• **Problem description**: Look through the listing below and write out exactly the lines from the line with "Discovering Betwinner A" to the line with "Main view of", both included, and no others.

• **Record excerpts**:
....................

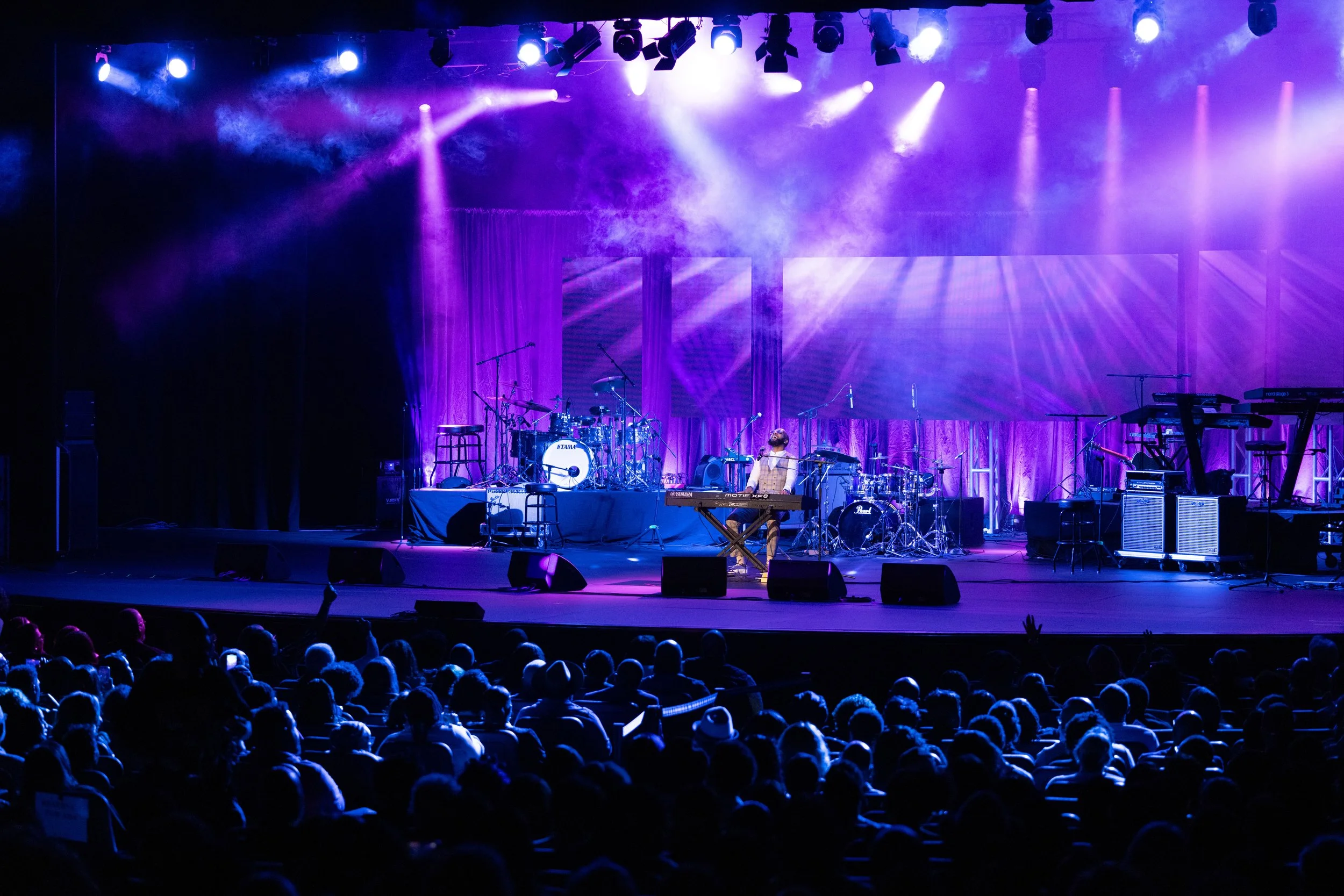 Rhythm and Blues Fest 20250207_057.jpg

....................

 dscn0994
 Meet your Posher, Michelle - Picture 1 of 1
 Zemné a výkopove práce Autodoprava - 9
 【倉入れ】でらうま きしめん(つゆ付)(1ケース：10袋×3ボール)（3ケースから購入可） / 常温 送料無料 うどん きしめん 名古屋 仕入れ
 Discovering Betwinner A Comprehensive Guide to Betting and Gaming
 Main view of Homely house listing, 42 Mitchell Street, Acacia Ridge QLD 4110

....................

• **Expected output**:
 Discovering Betwinner A Comprehensive Guide to Betting and Gaming
 Main view of Homely house listing, 42 Mitchell Street, Acacia Ridge QLD 4110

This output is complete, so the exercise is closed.